Al momento de conocer la poesía de Cernuda su trabajo poético tuvo algunos cambios “formales”, es decir, su poesía se volvió más narrativa, ¿cómo fue esa transformación? No fue a partir de mi relación con Luis Cernuda, ni mucho menos con otros poetas. El trabajo poético es solitario, es ir encontrando la propia voz interior. Mi poesía narrativa tiene dos vertientes: la biográfica y la histórica. El poema que mejor resume la primera manera es “Relato superviviente”, en el que la narración se va haciendo sobre algunos hechos de mi vida, rastreando en la memoria. El poema, como ocurre con el recuerdo, se presenta con inconexión, pero el resultado querrá entregarnos el sentido o el conocimiento de esa vida. Paradójicamente, en la poesía escrita sobre oscuros sucesos históricos, la narración fluye con mayor lógica. Así sucede en los tres poemas de Materia narrativa inexacta. Estos poemas me han servido para proyectar, con objetividad y distanciamiento, obsesiones poéticas y personales.

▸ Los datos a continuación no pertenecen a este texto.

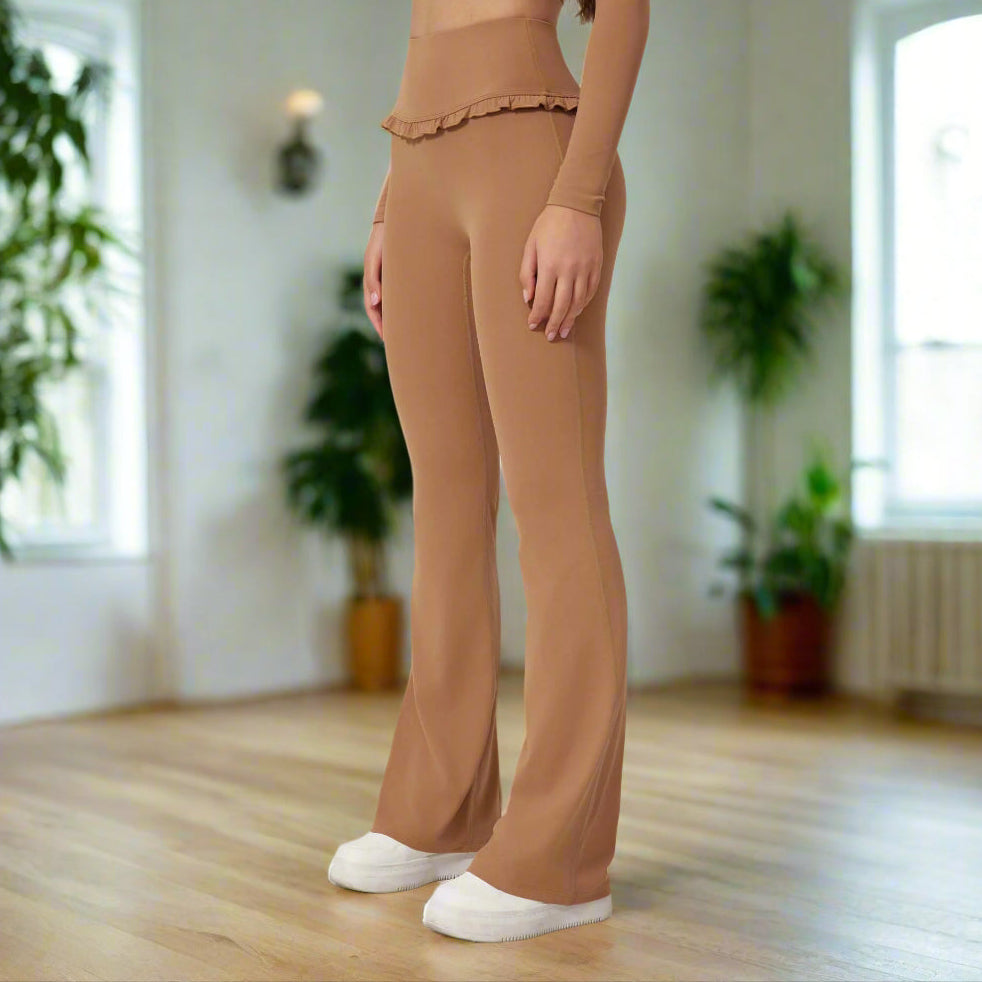 Woman wearing high waist brown leggings with a flared design and ruffle detail, paired with a matching long-sleeve top and white shoes.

Si la poesía determina la visión del poeta y quizá la vida misma también, ¿qué determina a Francisco Brines el poeta? Yo parto en mi poesía de la persona que soy y de lo que me rodea, y trato de conocer por medio de la escritura una realidad que existe y que aún no sé. Unas veces, para escribir el poema, hago pie en una experiencia determinada, cuyo último sentido se me revelará en la escritura, por el que me llegará un conocimiento, una profundización de lo incógnito.

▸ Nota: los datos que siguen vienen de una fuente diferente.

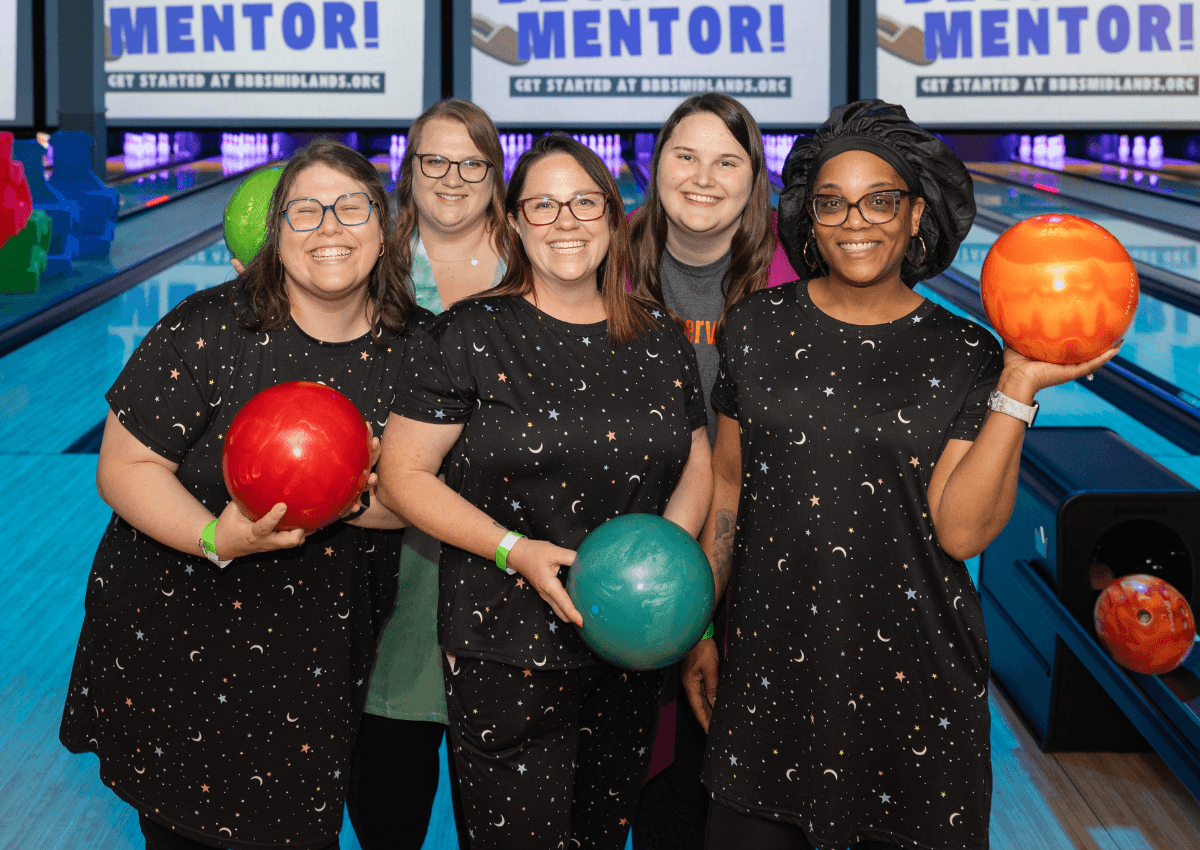 Large group of bowlers posing for a photo.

Cuáles son sus lugares Francisco? ¿Cuál su libro, qué ciudad, cuál su libro inmortal, que siempre recuerda? El libro lo tengo claro: la Segunda antología de Juan Ramón, que fue para mí una especie de Biblia en su momento, y lo he dicho, lo sigue siendo…También Como quien espera el alba, de Cernuda, que fue el primer libro suyo que tuve. Una ciudad... He conocido muchas, pero sólo he vivido en Madrid y Valencia. Me quedaría con el Madrid de los 50 y 60, el de mi juventud. No el de ahora, tan hostil, tan duro. No hay tiempo, sólo espacio.